I often describe chronic pain to others as multifaceted, or as being consuming, grueling, and oppressive. Though I have learned to manage my signs and symptoms through years of therapies and various interventions, during the first few years of my injury, I couldn’t have fathomed that I would be where I am today.

This piece was presented to the US Pain Foundation on August 5, 2016 after a call for art was circulated targeting students with chronic pain. This piece was made five years after I was injured and finished two years after I started it. It is the first piece of post-injury artwork I have produced and will not be the last.

This painting depicts not only the path I have chosen to travel with my pain, but also the journey of my recovery and transformation. The black areas, paint and oil pastel, show the sharpness and pervasiveness of my pain. They penetrate the painting, and in some ways dominate it, weaving with sharp or jagged edges, like the spikes or daggers I feel in my back. These figures show that no matter how hard I try to ignore my pain, it will always be there trying to overpower me, so I need to always remain cognizant, listening to my body, while focusing on self-care. I need to remain present.

The shades of yellow and red elucidate feelings of love and happiness, which at times were overpowered by the severity and intensity of my pain. Though these emotions were often repudiated by my pain, they were still there, covered in a fiery sheath, waiting to be uncovered, recognized, and nurtured. There was a perfect storm of sorts, which caught me and forced me to face my reality. I met providers who invested interest in teaching me what my physiological dysfunction was, I felt empowered, and cared for. Using this empowerment, I took control of my care and I got better quicker. I chose to shed, or transform the negative aspects of my life, and began an expedition of positive thinking, a path I will never abandon, and one of the best trips I have taken in my life.

I chose to highlight sadness and loss with colors of purple and blue. The emotion of anger stems from sadness and fear. Four years ago, while tossing around the idea of returning to college, my therapist wrote down a quote and handed it to me. Since that day, no matter where I am, this quote remains in the driver side mirror compartment of my car, as a constant unrelenting reminder. It reads “There is a crack in everything, that’s how the light gets in,” The Caged Bird Sings, by Maya Angelou. This quote has always resonated with me and taught me that despite my challenges, I am still “good enough,” I was never—and will never be—“broken,” I have nothing to be scared or ashamed of. Today, I no longer use the word disabled to describe my condition, and have chosen to focus on the power of positivity, resiliency and the transformation I experienced as a human being. This transformation stems from these themes of blue and purple.

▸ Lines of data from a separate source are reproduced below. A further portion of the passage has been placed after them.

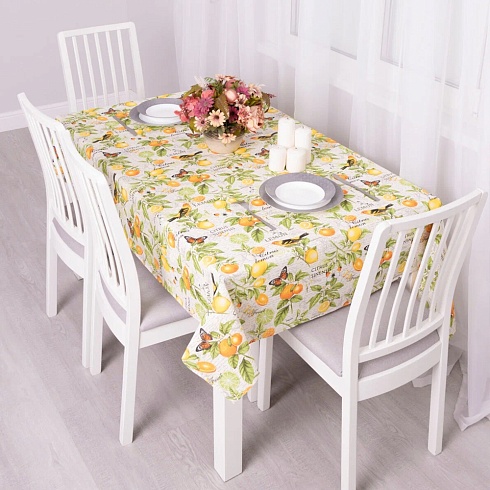 Скатерть из рогожки 120х150 ДомВелл Сиеста 3115/1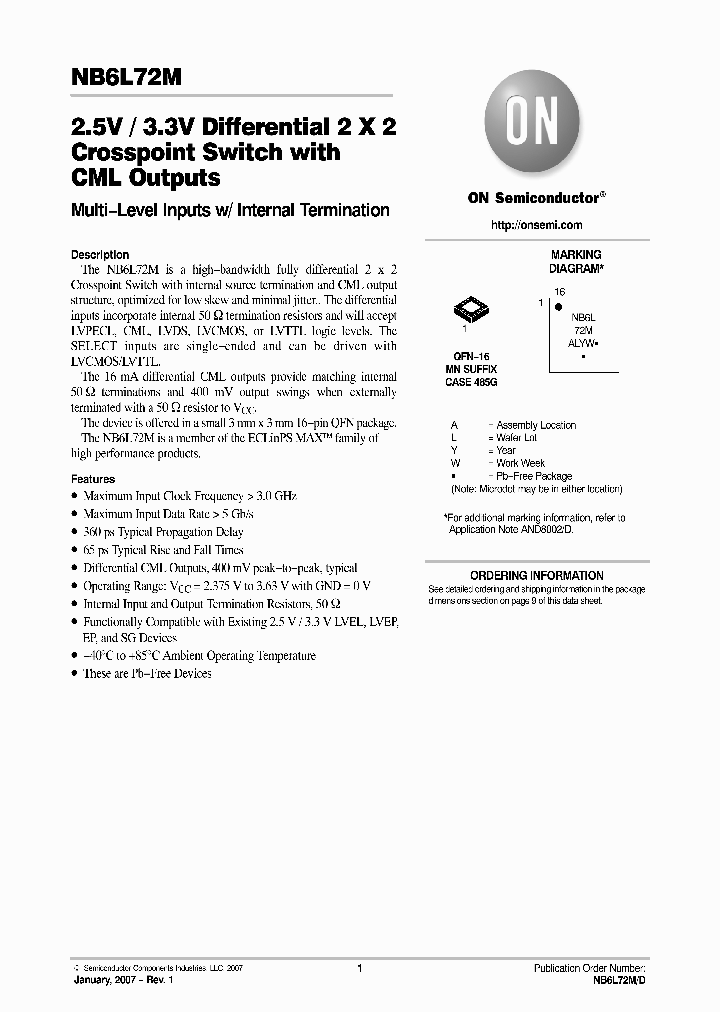 NB6L72MMNG_1121060.PDF Datasheet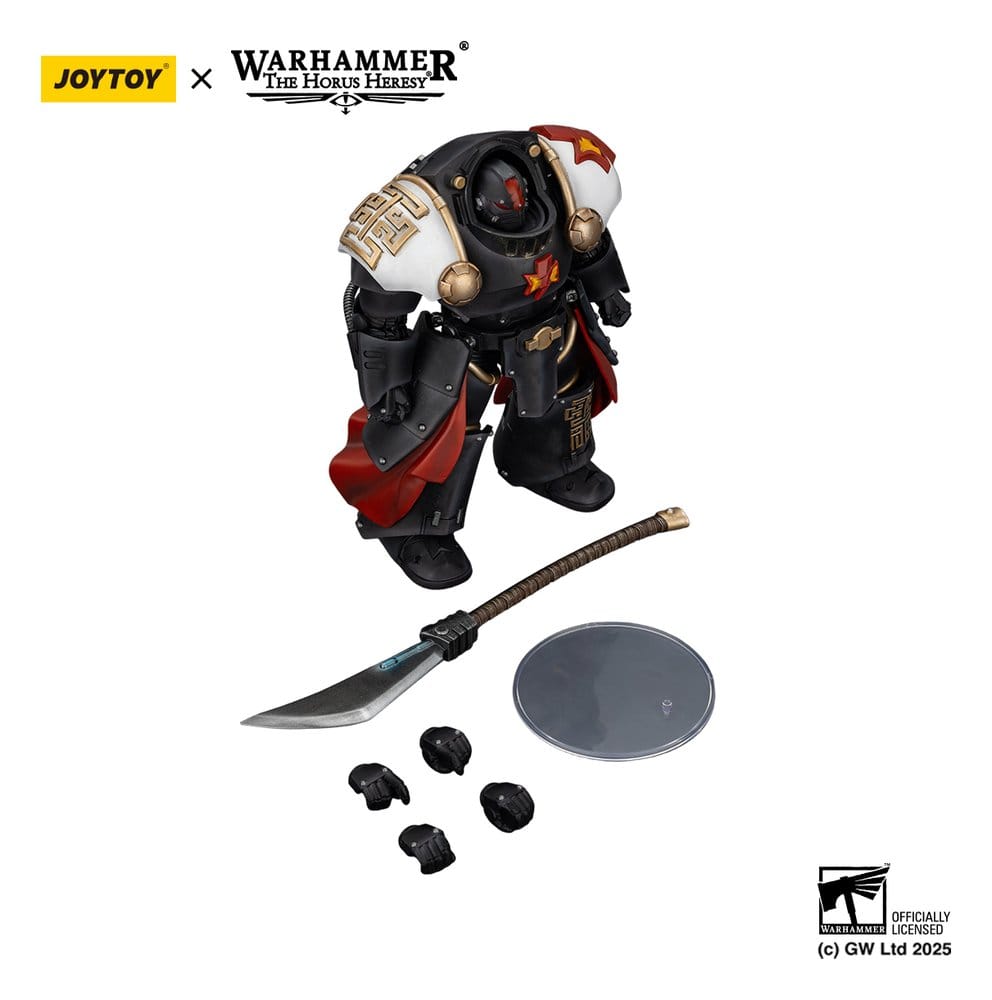 Warhammer The Horus Heresy Figura White Scars Ebon Keshig Terminator 2 with Power Glaive 13 cm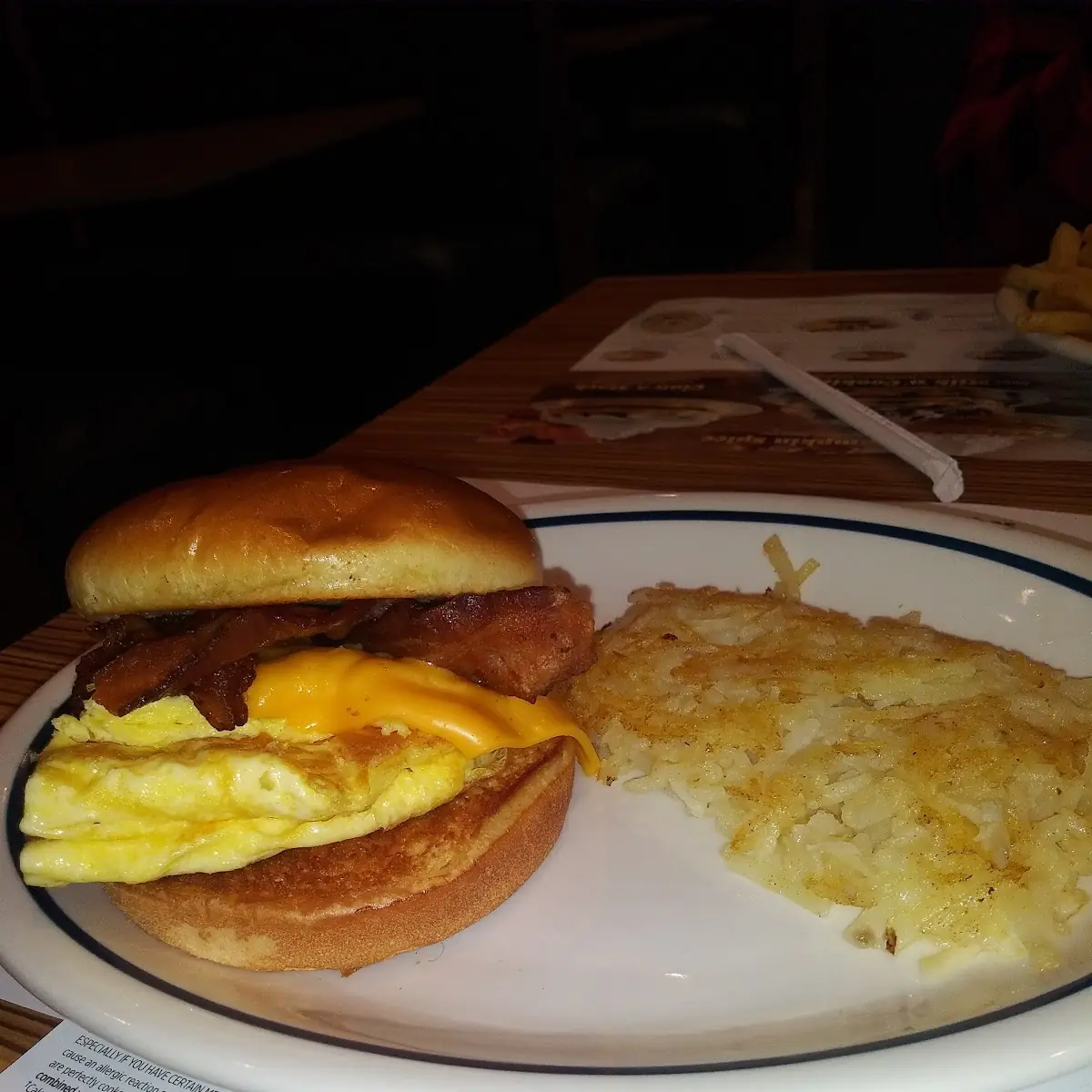 Bacon Egg and Cheese Sandwich Hash Browns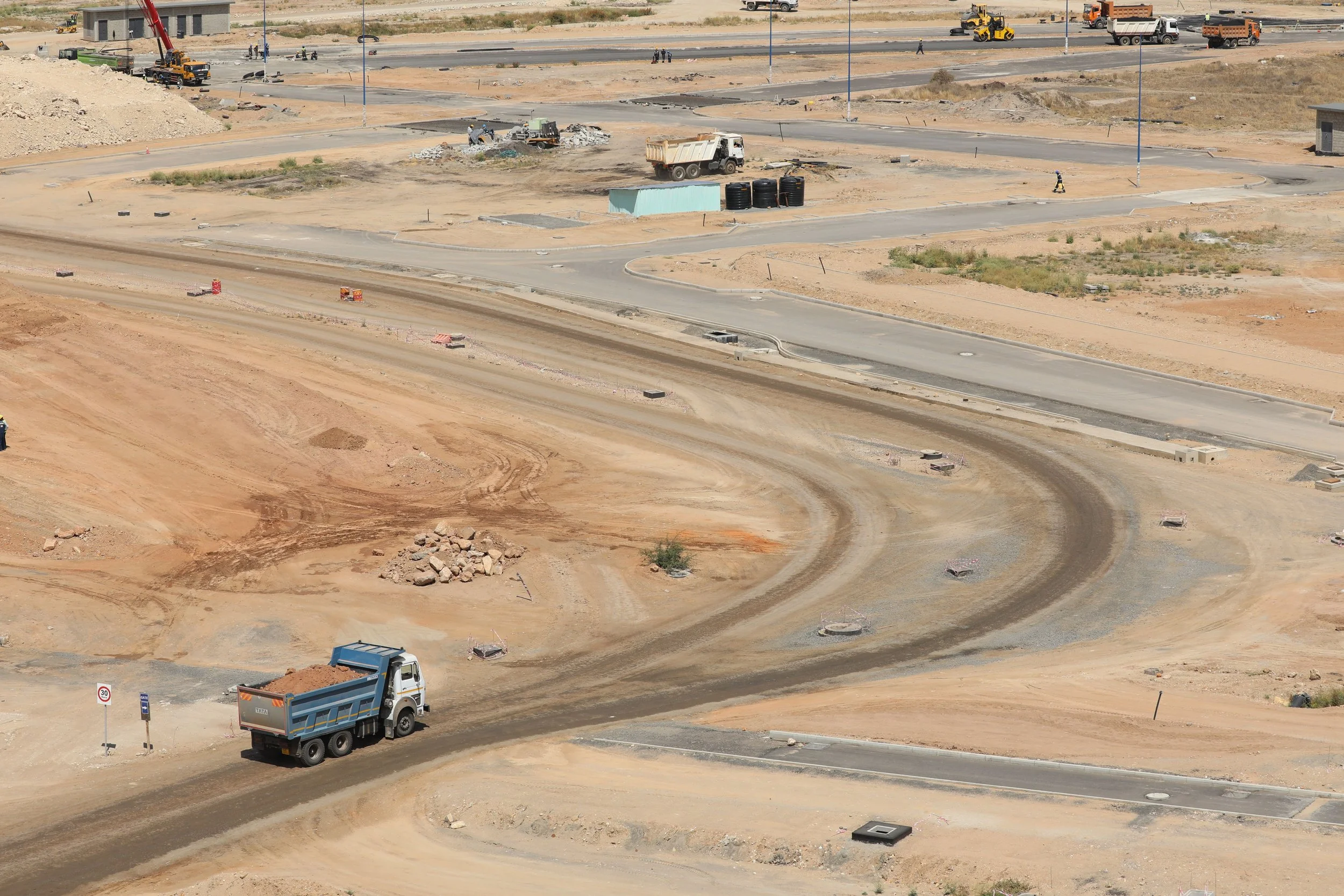 Roadworks and civil construction, Western Australia - Primavera P6 scheduling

The green and mint areas signify growth and resiliency. They do not dominate the painting, as I still have a lot of work and self-care to do, but, they are there, and I continue to grow a little bit each day, no matter what. I reflect often about my journey with pain and transformation, and think of the gains I have made in just a matter of seven years, I can only imagine where I will be in seven more, or even forty more years. In a life where I once trained myself to no longer dream, I am grateful, and have chosen to make my dreams my reality.

Some describe the sensation of living with chronic pain every day, all of the time as “stealing your soul.” Innocence, love, laughter, dreams of the future and the false promises which society teaches us we are entitled to, can be stolen. I no longer feel this way, my life has changed dramatically, I have chosen to use my pain as a learning and transformative experience, where I find myself smiling at the simplistic beauty of the world, always daring myself to dream. These are some of my Facets of Pain.